The relationship between M&M diameter and mass was assessed using Pearson’s product-moment correlation. Prior to analysis, assumptions of linearity, bivariate normality, and independence were evaluated using scatter plots, Q-Q plots, and Shapiro-Wilk tests. The strength and direction of the linear relationship was quantified using the Pearson correlation coefficient (r), with 95% confidence intervals calculated. The coefficient of determination (r²) was calculated to determine the proportion of variance explained. All analyses were conducted in R (version 4.3.0) with α = 0.05.
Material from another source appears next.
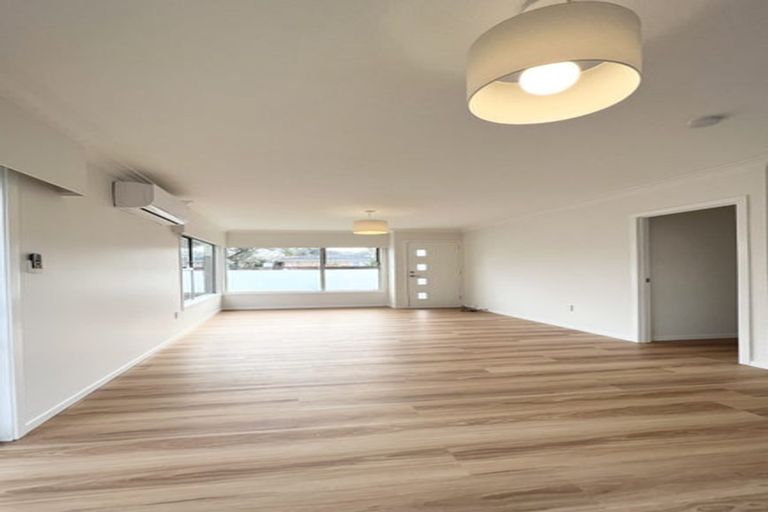 Photo of property in 1/17 Thornton Road, Milford, Auckland, 0620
Results Section (for publication)

There was a statistically significant positive correlation between M&M diameter and mass (r = [value], 95% CI: [lower, upper], p < 0.001). The correlation was [weak/moderate/strong] in magnitude and indicated that [interpretation]. The coefficient of determination revealed that diameter explained [percentage]% of the variance in M&M mass (r² = [value]). Both variables met assumptions of normality (Shapiro-Wilk tests: diameter p = [value], mass p = [value]), supporting the use of Pearson’s correlation.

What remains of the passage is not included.